**EXERCISE INPUT:**
>>
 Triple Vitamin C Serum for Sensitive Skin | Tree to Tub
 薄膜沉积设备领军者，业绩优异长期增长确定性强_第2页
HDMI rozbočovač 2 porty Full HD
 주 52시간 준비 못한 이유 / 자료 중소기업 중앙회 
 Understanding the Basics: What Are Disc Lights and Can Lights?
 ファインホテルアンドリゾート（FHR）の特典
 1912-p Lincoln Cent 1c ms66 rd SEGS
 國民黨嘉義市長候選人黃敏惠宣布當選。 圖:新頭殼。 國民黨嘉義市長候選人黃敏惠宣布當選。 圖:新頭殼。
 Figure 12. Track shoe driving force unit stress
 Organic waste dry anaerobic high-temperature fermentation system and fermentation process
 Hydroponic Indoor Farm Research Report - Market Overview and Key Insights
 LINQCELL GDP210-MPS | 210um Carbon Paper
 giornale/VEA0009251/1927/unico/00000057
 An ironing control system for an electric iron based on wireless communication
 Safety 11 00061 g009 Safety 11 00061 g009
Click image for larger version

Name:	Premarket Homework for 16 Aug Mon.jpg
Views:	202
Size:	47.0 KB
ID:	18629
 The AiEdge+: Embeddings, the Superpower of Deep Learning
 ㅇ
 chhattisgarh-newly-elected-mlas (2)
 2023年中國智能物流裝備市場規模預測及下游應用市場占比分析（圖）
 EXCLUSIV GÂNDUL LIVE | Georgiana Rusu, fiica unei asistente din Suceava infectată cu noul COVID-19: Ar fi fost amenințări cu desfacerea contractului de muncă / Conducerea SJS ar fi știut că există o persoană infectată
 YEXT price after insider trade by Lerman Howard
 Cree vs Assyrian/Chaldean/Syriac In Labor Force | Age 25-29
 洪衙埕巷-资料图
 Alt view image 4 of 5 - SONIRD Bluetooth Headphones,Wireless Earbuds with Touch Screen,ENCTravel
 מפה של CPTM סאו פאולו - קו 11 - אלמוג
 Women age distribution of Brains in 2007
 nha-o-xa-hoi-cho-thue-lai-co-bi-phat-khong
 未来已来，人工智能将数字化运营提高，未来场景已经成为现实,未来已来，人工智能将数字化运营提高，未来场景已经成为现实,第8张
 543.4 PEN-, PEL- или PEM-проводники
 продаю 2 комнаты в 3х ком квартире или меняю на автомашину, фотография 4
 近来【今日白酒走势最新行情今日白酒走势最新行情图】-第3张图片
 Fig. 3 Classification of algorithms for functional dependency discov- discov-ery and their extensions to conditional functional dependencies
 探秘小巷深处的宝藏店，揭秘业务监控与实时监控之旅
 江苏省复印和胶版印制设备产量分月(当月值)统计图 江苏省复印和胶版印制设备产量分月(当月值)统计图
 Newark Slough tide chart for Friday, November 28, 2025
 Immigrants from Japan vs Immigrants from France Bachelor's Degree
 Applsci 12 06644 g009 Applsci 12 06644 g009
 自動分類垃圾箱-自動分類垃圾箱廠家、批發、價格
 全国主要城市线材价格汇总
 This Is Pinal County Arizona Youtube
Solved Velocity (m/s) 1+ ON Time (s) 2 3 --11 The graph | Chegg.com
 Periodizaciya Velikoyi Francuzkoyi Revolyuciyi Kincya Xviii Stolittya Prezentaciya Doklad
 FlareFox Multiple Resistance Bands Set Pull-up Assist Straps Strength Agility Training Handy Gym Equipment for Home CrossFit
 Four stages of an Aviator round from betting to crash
<<
Your task is to reproduce the whole listing exactly.

 Triple Vitamin C Serum for Sensitive Skin | Tree to Tub
 薄膜沉积设备领军者，业绩优异长期增长确定性强_第2页
HDMI rozbočovač 2 porty Full HD
 주 52시간 준비 못한 이유 / 자료 중소기업 중앙회 
 Understanding the Basics: What Are Disc Lights and Can Lights?
 ファインホテルアンドリゾート（FHR）の特典
 1912-p Lincoln Cent 1c ms66 rd SEGS
 國民黨嘉義市長候選人黃敏惠宣布當選。 圖:新頭殼。 國民黨嘉義市長候選人黃敏惠宣布當選。 圖:新頭殼。
 Figure 12. Track shoe driving force unit stress
 Organic waste dry anaerobic high-temperature fermentation system and fermentation process
 Hydroponic Indoor Farm Research Report - Market Overview and Key Insights
 LINQCELL GDP210-MPS | 210um Carbon Paper
 giornale/VEA0009251/1927/unico/00000057
 An ironing control system for an electric iron based on wireless communication
 Safety 11 00061 g009 Safety 11 00061 g009
Click image for larger version

Name:	Premarket Homework for 16 Aug Mon.jpg
Views:	202
Size:	47.0 KB
ID:	18629
 The AiEdge+: Embeddings, the Superpower of Deep Learning
 ㅇ
 chhattisgarh-newly-elected-mlas (2)
 2023年中國智能物流裝備市場規模預測及下游應用市場占比分析（圖）
 EXCLUSIV GÂNDUL LIVE | Georgiana Rusu, fiica unei asistente din Suceava infectată cu noul COVID-19: Ar fi fost amenințări cu desfacerea contractului de muncă / Conducerea SJS ar fi știut că există o persoană infectată
 YEXT price after insider trade by Lerman Howard
 Cree vs Assyrian/Chaldean/Syriac In Labor Force | Age 25-29
 洪衙埕巷-资料图
 Alt view image 4 of 5 - SONIRD Bluetooth Headphones,Wireless Earbuds with Touch Screen,ENCTravel
 מפה של CPTM סאו פאולו - קו 11 - אלמוג
 Women age distribution of Brains in 2007
 nha-o-xa-hoi-cho-thue-lai-co-bi-phat-khong
 未来已来，人工智能将数字化运营提高，未来场景已经成为现实,未来已来，人工智能将数字化运营提高，未来场景已经成为现实,第8张
 543.4 PEN-, PEL- или PEM-проводники
 продаю 2 комнаты в 3х ком квартире или меняю на автомашину, фотография 4
 近来【今日白酒走势最新行情今日白酒走势最新行情图】-第3张图片
 Fig. 3 Classification of algorithms for functional dependency discov- discov-ery and their extensions to conditional functional dependencies
 探秘小巷深处的宝藏店，揭秘业务监控与实时监控之旅
 江苏省复印和胶版印制设备产量分月(当月值)统计图 江苏省复印和胶版印制设备产量分月(当月值)统计图
 Newark Slough tide chart for Friday, November 28, 2025
 Immigrants from Japan vs Immigrants from France Bachelor's Degree
 Applsci 12 06644 g009 Applsci 12 06644 g009
 自動分類垃圾箱-自動分類垃圾箱廠家、批發、價格
 全国主要城市线材价格汇总
 This Is Pinal County Arizona Youtube
Solved Velocity (m/s) 1+ ON Time (s) 2 3 --11 The graph | Chegg.com
 Periodizaciya Velikoyi Francuzkoyi Revolyuciyi Kincya Xviii Stolittya Prezentaciya Doklad
 FlareFox Multiple Resistance Bands Set Pull-up Assist Straps Strength Agility Training Handy Gym Equipment for Home CrossFit
 Four stages of an Aviator round from betting to crash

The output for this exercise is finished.